La pobreza, desde estas premisas, es una
verdadera necesidad para cada uno de nosotros y para la totalidad de la Iglesia
de Dios. Porque, en cuanto creyentes, estamos vinculados a Cristo y,
consiguientemente, a su Pueblo. Hasta tal punto, que según sea el grado de
vinculación así lo es el de libertad. Esta vinculación consciente es esencial
en nuestra vida y esto es imposible sin pobreza. La vinculación misma es ya
pobreza que nos sitúa en la verdad de nuestro existir en Cristo y en la
comunidad de hermanos. Y no por nuestros méritos, riqueza, sabiduría, etc.,
sino por el amor gratuito del Padre interiorizado en nosotros por su Espíritu. La pobreza nos remite siempre a manifestar
su amor a los hombres por la encarnación asumiendo la responsabilidad de
construir un mundo justo. Estas son sus coordenadas en las que se sitúa la
llamada de Dios, con la capacitación consiguiente, de llevar adelante la misión
según el modo escogido por El: "porque ya sabéis lo generoso que fue
nuestro Señor Jesucristo, siendo rico se hizo pobre por vosotros para
enriqueceros con su pobreza" (2º Cor. 8, 9). Este modo es tan esencial a la misión que sin él aquella no puede
realizarse con la eficacia que le debe ser característica. Creación —realización
de la justicia en un mundo fraterno— y encarnación —descender a la realidad
humana y su mundo, asumiendo sus contradicciones, para salvarla desde dentro—
no son dos realidades independientes ni dos planes de Dios distintos, sino dos
tiempos del único plan salvador de nuestro Dios. A esto estamos obligados los
que asumimos la tarea. La misión no es creíble ni es eficaz sino desde la
pobreza.
Y lo que es necesidad para cada uno de
nosotros, lo es para la Iglesia entera que
si no es pobre no puede ser misionera ni libre, lo que argüiría un fallo
esencial en la misión. No pondría su tienda en el campo de los hombres
convirtiéndose en un monumental establecimiento con todos los inconvenientes
que tiene el "establecerse". Los pobres no serian evangelizados (49).
Nadie duda del papel a desempeñar al
respecto por los sacerdotes. Si el clero se ha caracterizado a lo largo de
siglos por ser una clase social privilegiada, en la que se era algo y se
disponía de bienes principalmente por el hecho de pertenecer a la casta, con lo
que la eficacia misionera de la Iglesia se ha visto disminuida hasta extremos
bien conocidos por todos, especialmente en lo que se refiere a los más pobres,
solo la vuelta, el retorno, al Evangelio de la gratuidad, nos hará reencontrar
nuestro único "privilegio", el de ser llamados para el servicio del
Pueblo de Dios preferentemente en sus miembros más débiles; lo que mostrará al mundo un rostro de
Iglesia verdaderamente creíble con un sacerdocio auténticamente testigo del
amor de Dios a los hombres.
Lo dicho nos muestra que solo el sacerdote pobre, como la Iglesia pobre, es y está
verdaderamente disponible.
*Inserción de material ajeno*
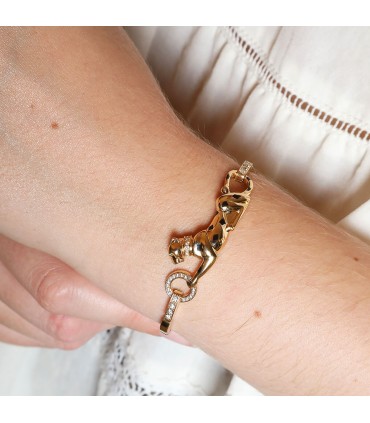 Cartier Panthère gold, diamonds, garnets, onyx and gold bracelet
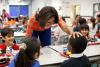 First Lady Michelle Obama has lunch with students at Parklawn Elementary School in Alexandria, Virginia, January 25, 2012. The First Lady and Agriculture Secretary Tom Vilsack visited the school to sample a healthy meal that meets the United States Depart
No solo en el sentido funcional de, por no tener
nada no tiene nada que abandonar, y a todo se puede comprometer, sino en el
sentido teológico, nacido de la misma sacramentalidad del orden presbiteral, de
realizar la obra de Dios —todo ha sido creado por Cristo y para Cristo— hasta
las últimas consecuencias —encarnación redentora— que incluye el modo querido
por Dios para llevar a cabo su único plan salvador. Desde esta perspectiva
creemos que lo que entendemos por disponibilidad adquiere una profundidad y
amplitud que el simple concepto no puede revelar.
NOTAS.—
44. PO. 17.
45. Mt. 10, 8
46. Jn. 1, 3; Col. 1, 15-17; Filp. 2, 6 ss; Hebr. 1, 2-4; lª Cor. 8, 6.
47. lª
Cor. 3, 22-23.
48. lª
Jn. 2, 16.
49. I. M. Chenú. El Evangelio en el tiempo.